=== Begin Enclosure ===
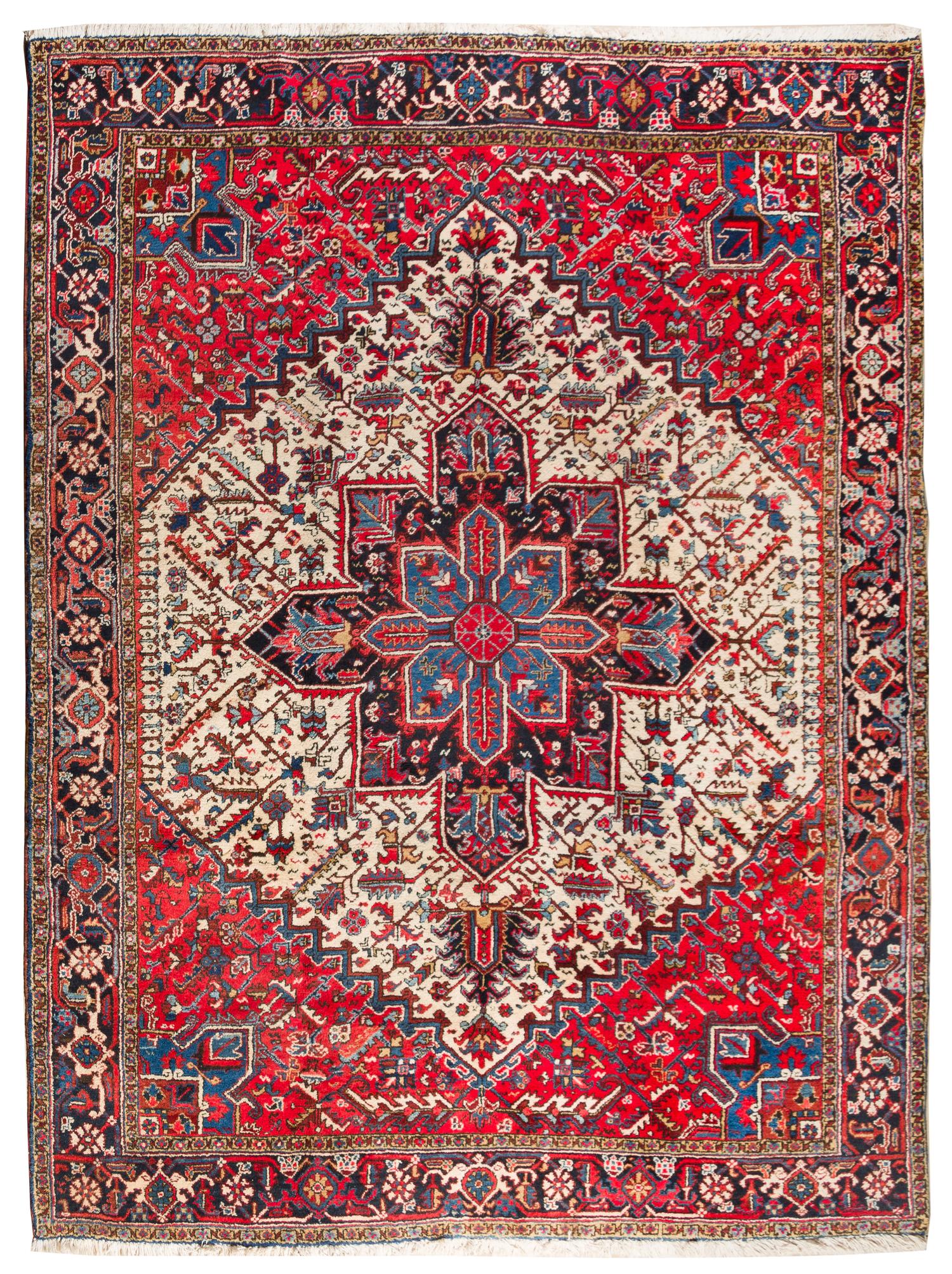 A Heriz Wool Rug 10 feet 1 inch x 8 feet 4 inches. — CIRCA 1910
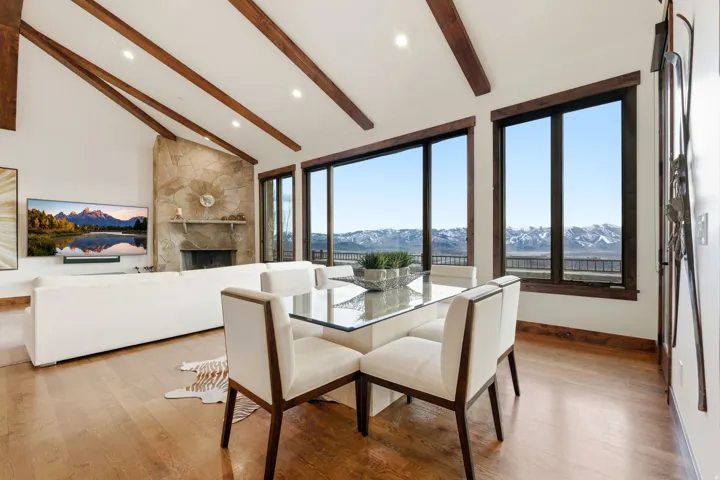 Dining space with a mountain view, light wood-type flooring, a stone fireplace, and vaulted ceiling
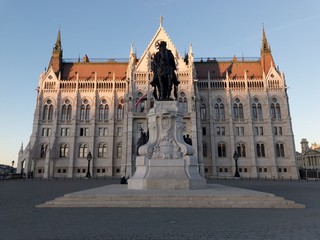Fototapeta premium The Magnificent Hungarian Parliament from outside on a sunny day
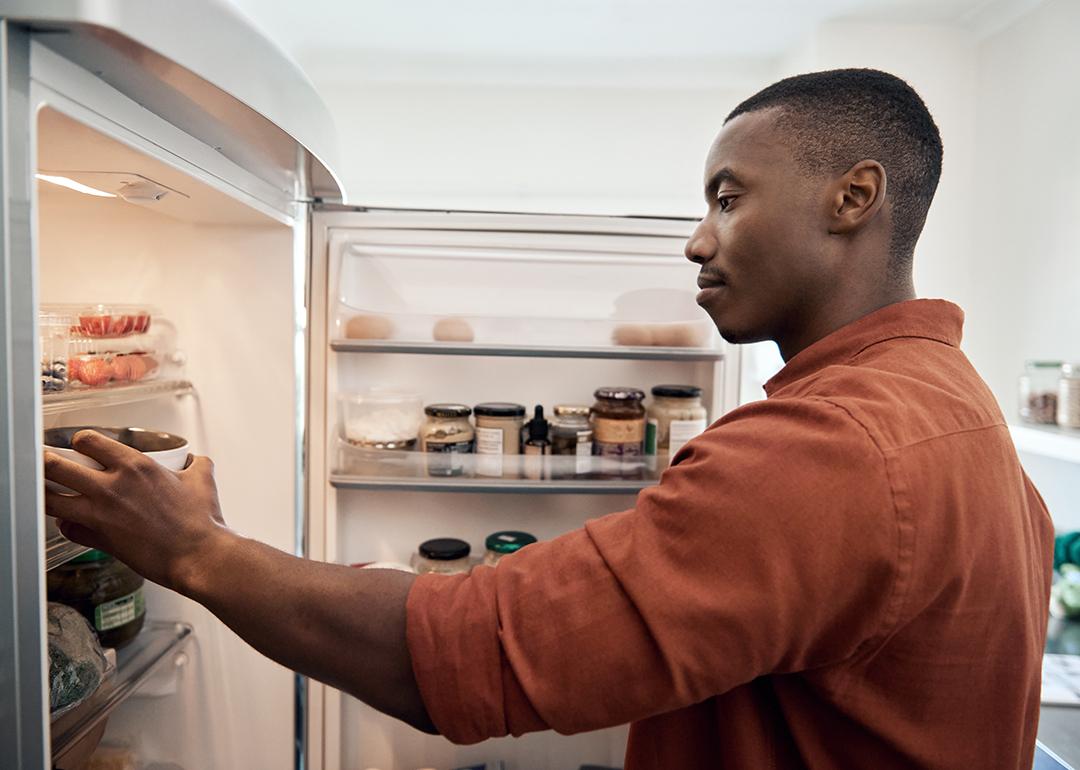 A person checking food items inside a refrigerator from the kitchen.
=== End Enclosure ===
**Work instruction**:
Give back the whole of the material exactly, with the pictures removed.

**Your solution**:
 A Heriz Wool Rug 10 feet 1 inch x 8 feet 4 inches. — CIRCA 1910
 Dining space with a mountain view, light wood-type flooring, a stone fireplace, and vaulted ceiling
Fototapeta premium The Magnificent Hungarian Parliament from outside on a sunny day
 A person checking food items inside a refrigerator from the kitchen.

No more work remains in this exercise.